REQUIREMENT: From the line that contains "Photo - 1913 Amberwood Ct" through the line that contains "VW Passat 1.9 TDi Highline - 1", output every line of the listing below exactly and leave out all the rest.

DATA FOR THE TASK:
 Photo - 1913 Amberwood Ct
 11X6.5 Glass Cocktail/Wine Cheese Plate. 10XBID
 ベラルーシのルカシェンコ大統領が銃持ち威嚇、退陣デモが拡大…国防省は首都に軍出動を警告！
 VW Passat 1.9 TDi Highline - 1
* * *
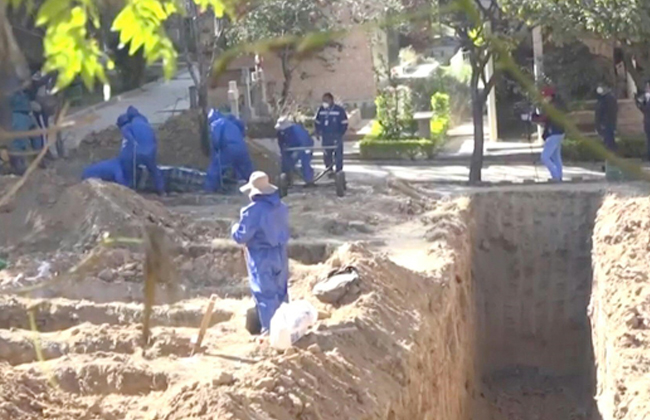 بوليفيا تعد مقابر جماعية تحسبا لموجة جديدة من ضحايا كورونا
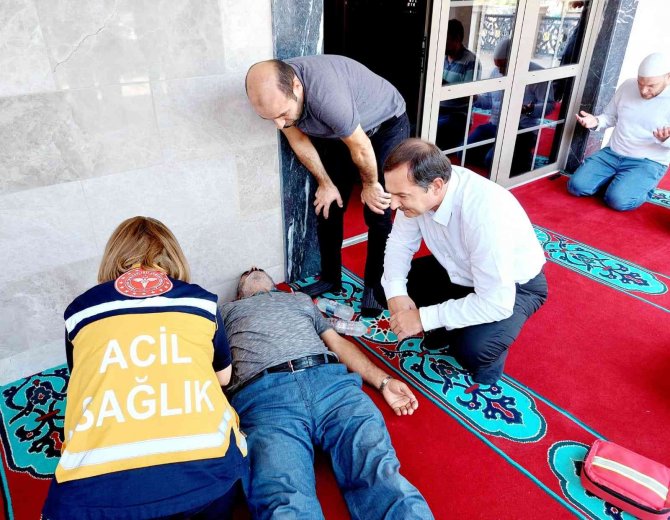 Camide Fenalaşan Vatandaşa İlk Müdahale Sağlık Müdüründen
==
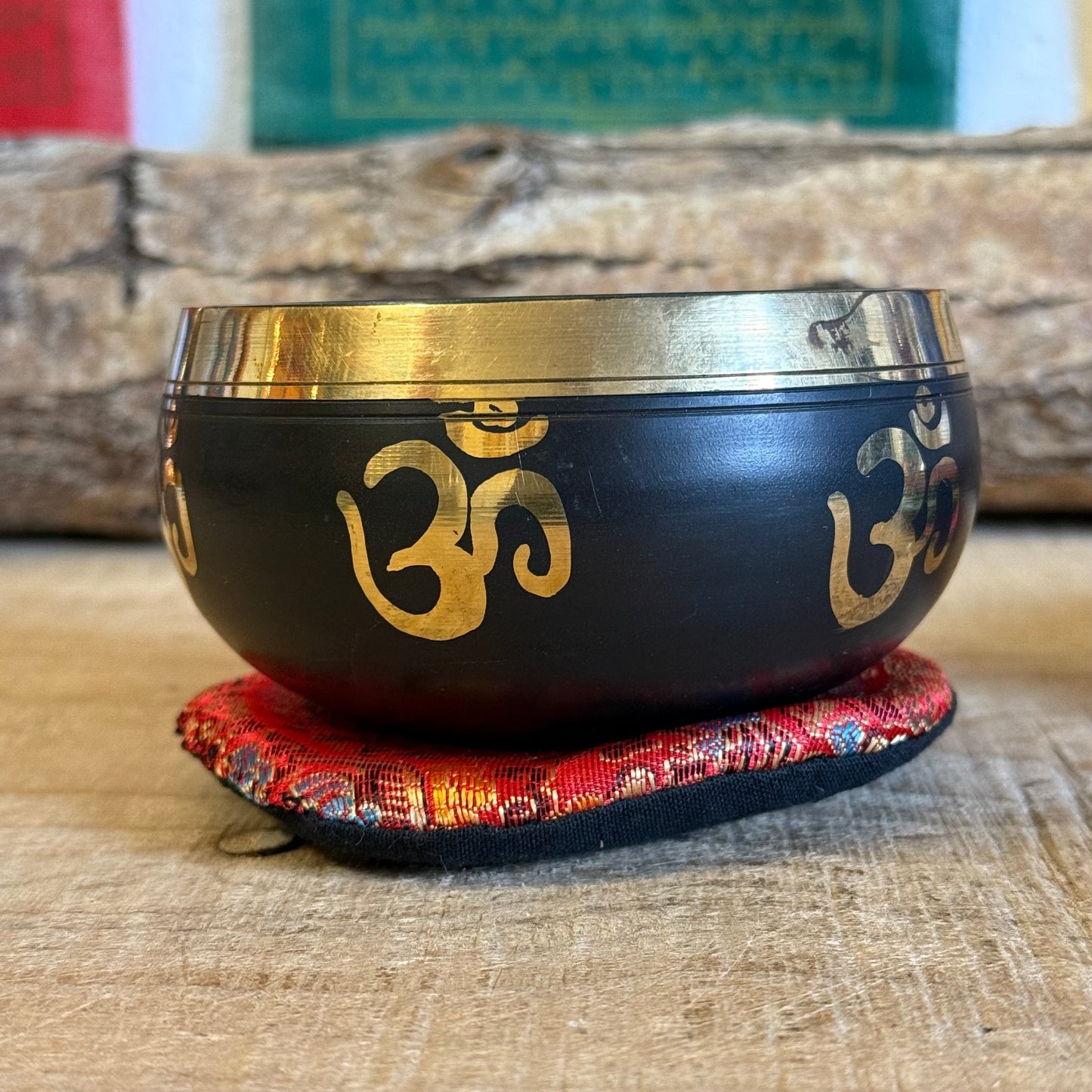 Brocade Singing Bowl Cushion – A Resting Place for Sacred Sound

COMPLETED TASK:
 Photo - 1913 Amberwood Ct
 11X6.5 Glass Cocktail/Wine Cheese Plate. 10XBID
 ベラルーシのルカシェンコ大統領が銃持ち威嚇、退陣デモが拡大…国防省は首都に軍出動を警告！
 VW Passat 1.9 TDi Highline - 1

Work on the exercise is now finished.